* _Exercise requirements_: Return the data verbatim, without pictures.

[Material shown Boundary: Start]

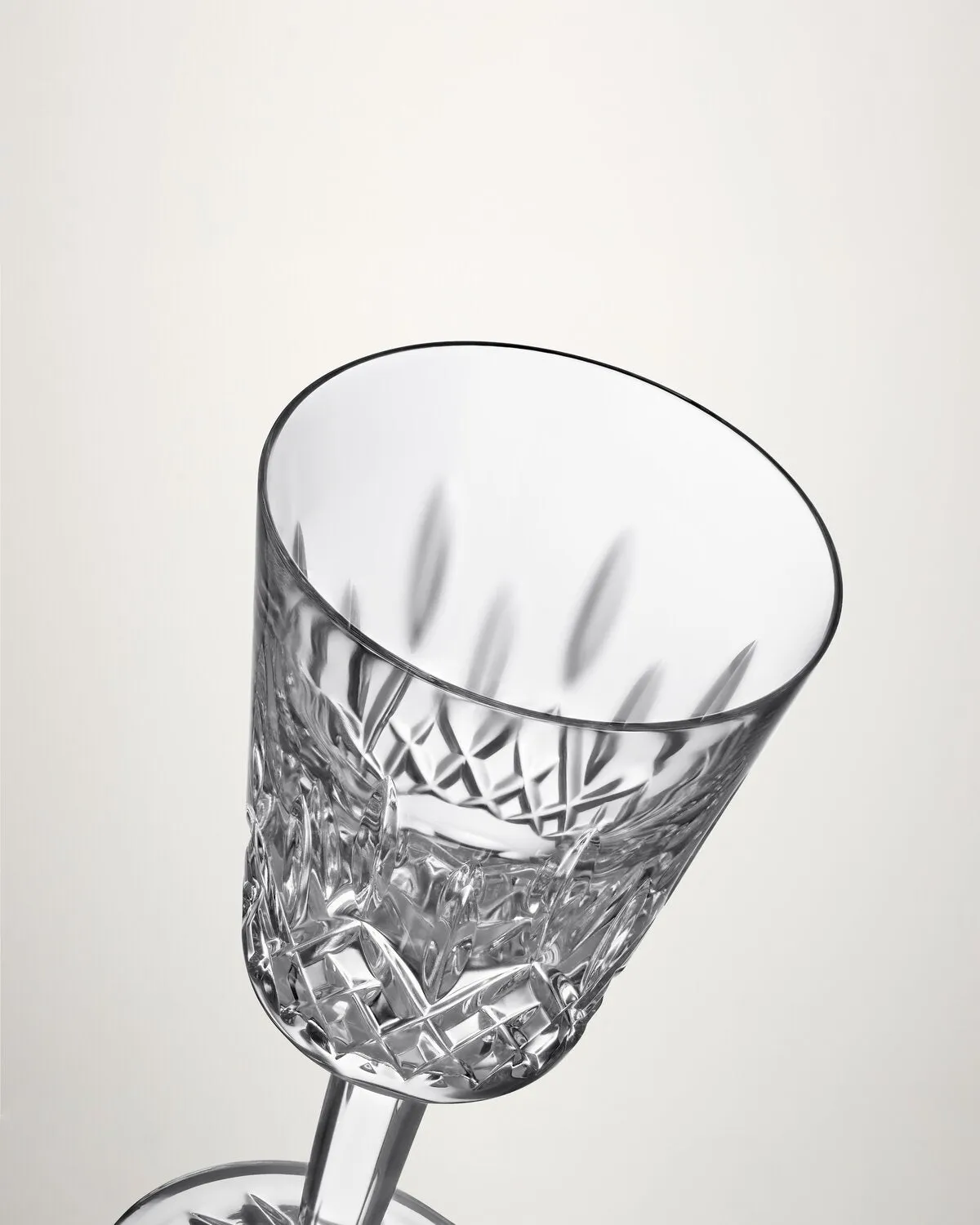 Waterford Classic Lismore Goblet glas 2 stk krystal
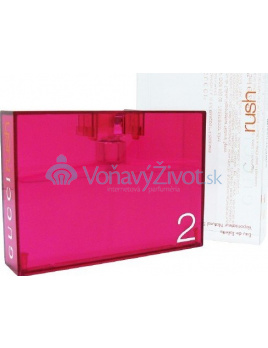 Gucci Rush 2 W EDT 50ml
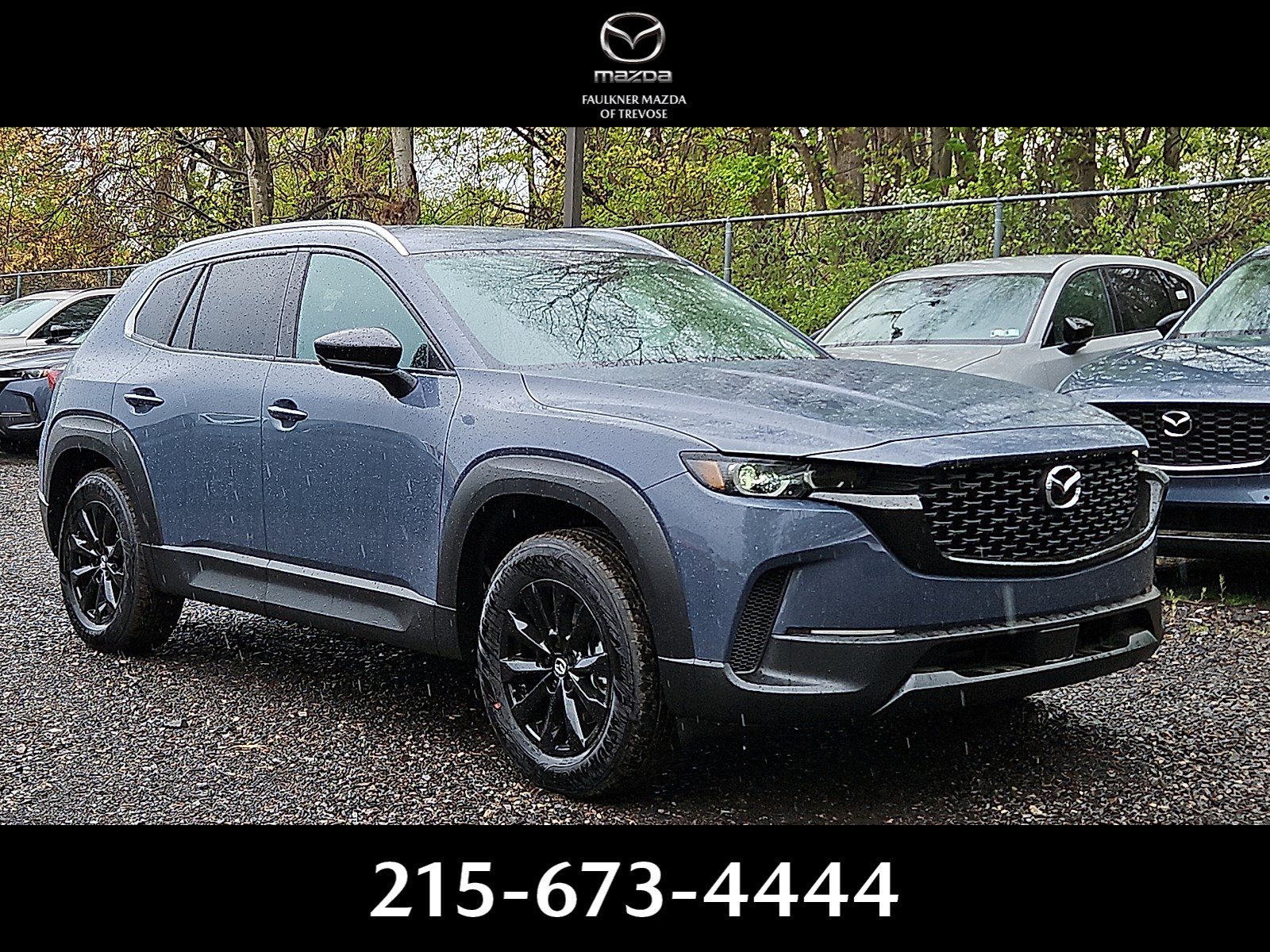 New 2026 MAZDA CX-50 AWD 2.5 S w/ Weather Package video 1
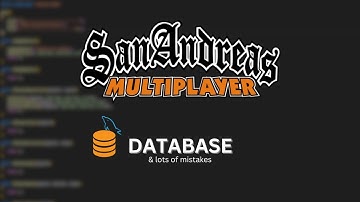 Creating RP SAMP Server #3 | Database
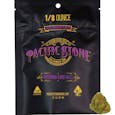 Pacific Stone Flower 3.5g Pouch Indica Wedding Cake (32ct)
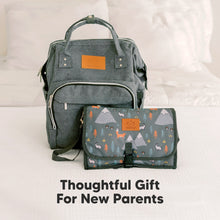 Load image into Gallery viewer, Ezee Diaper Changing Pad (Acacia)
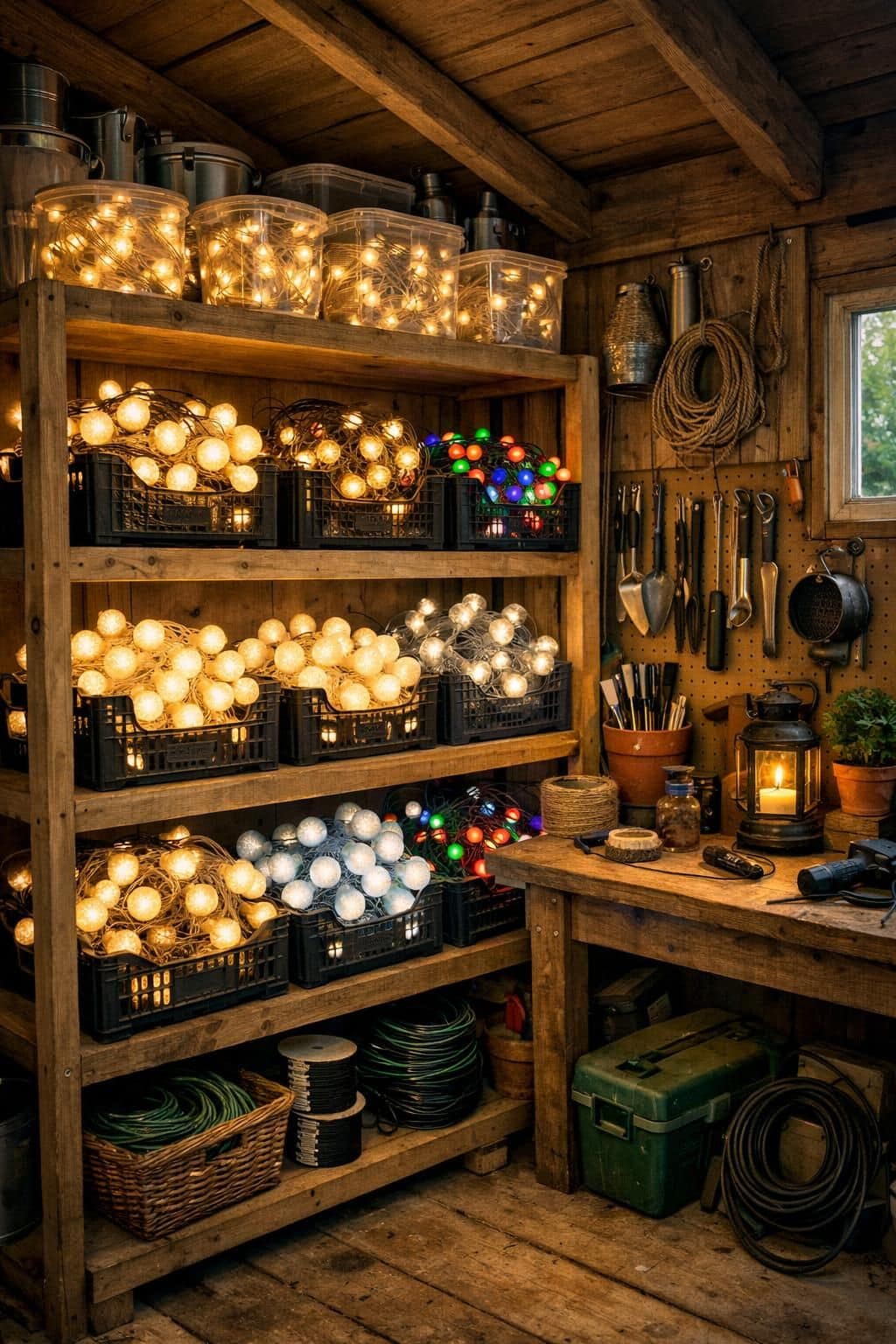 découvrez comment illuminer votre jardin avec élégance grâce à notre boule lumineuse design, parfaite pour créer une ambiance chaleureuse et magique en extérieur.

[Material shown Boundary: End]

* _Response below_:
 Waterford Classic Lismore Goblet glas 2 stk krystal
 Gucci Rush 2 W EDT 50ml
 New 2026 MAZDA CX-50 AWD 2.5 S w/ Weather Package video 1
 Creating RP SAMP Server #3 | Database
 Pacific Stone Flower 3.5g Pouch Indica Wedding Cake (32ct)
 Load image into Gallery viewer, Ezee Diaper Changing Pad (Acacia)
 découvrez comment illuminer votre jardin avec élégance grâce à notre boule lumineuse design, parfaite pour créer une ambiance chaleureuse et magique en extérieur.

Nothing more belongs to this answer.